Вики открыла глаза, увидела череп и снова принялась визжать. На этот раз она вскочила на ноги, схватила со стола лондонский подсвечник и приняла позу мушкетера, искусно подняв левую руку, а правой держа «оружие».
– Я смотрю, у вас это семейное. На пару тренируетесь? – не удержался Боннар.
– Вики, милая, всё хорошо. Успокойся. Это друг. Его зовут Поль. Он славный малый. Мы с ним выпили, – сбивчиво поведал Адам.
Девушка оглядела кухню: пустые бутылки из-под вина под столом, приоткрытая дверца холодильника, недоеденный сыр, виноватое лицо мужа и скелет, который, чтобы не держать простыню, повязал ее бантиком на груди, по неосторожности макнув кончик в вино, отчего тот стал розовым и придавал очень милый вид всему наряду.
Не опуская подсвечника и недоверчиво глядя на Адама, Вики угрожающим тоном обратилась к мужу:
– Дата и место, когда ты впервые признался мне в любви?
– Во попал! – воскликнул Поль.
– Дорогая, – Адам запнулся, – я люблю тебя и повторял это миллион раз.
– Дата и место, Виагард, быстро!
Мужчина пришел в отчаяние:
– Апрель! Это был апрель. В Ницце, мы ужинали с Пьером и Натали, играли в фанты.
– Во что я была одета? Срочно!
– У-ла-ла! – Поль правой рукой сделал любимый жест французов, который означал очень затруднительное положение.
– Ты, как всегда, была прекрасна, – поплыл Адам.
– Цвет!

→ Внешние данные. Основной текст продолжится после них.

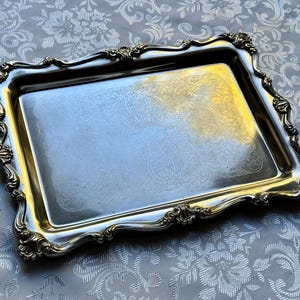 Puede incluir: Una bandeja de servicio rectangular de metal plateado con un borde elevado y ornamentado que presenta motivos en forma de concha en las esquinas y los bordes. El centro de la bandeja muestra un sutil patr&oacute;n floral grabado y pulido.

Моей! Одежды!
Мужчина взмок:
– Сиреневый?
Вики опустила канделябр.
– Бинго! – обрадовался Поль и поднял руки в знак триумфа.
– Он тебя не кусал? Не заразил? – Слезы градом брызнули из глаз Виктории, и она бросилась на шею супругу. – Это чудовище? – Девушка ткнула указательным пальцем в сторону Поля.

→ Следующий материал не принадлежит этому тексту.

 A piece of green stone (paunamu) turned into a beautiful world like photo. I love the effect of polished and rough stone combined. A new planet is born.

Боннар был потрясен настолько, что подошел к зеркальной поверхности печи и внимательно посмотрел на свое отражение, потом встал боком, потом снова в анфас.
– Я, право, не понимаю, отчего столь очаровательная девушка, как вы, сделала такие выводы. Да, не так хорош, как раньше, но если бы вы видели меня сотню лет назад, сомневаюсь, что из нас двоих выбрали бы его. – Поль махнул костлявым подбородком в сторону Адама.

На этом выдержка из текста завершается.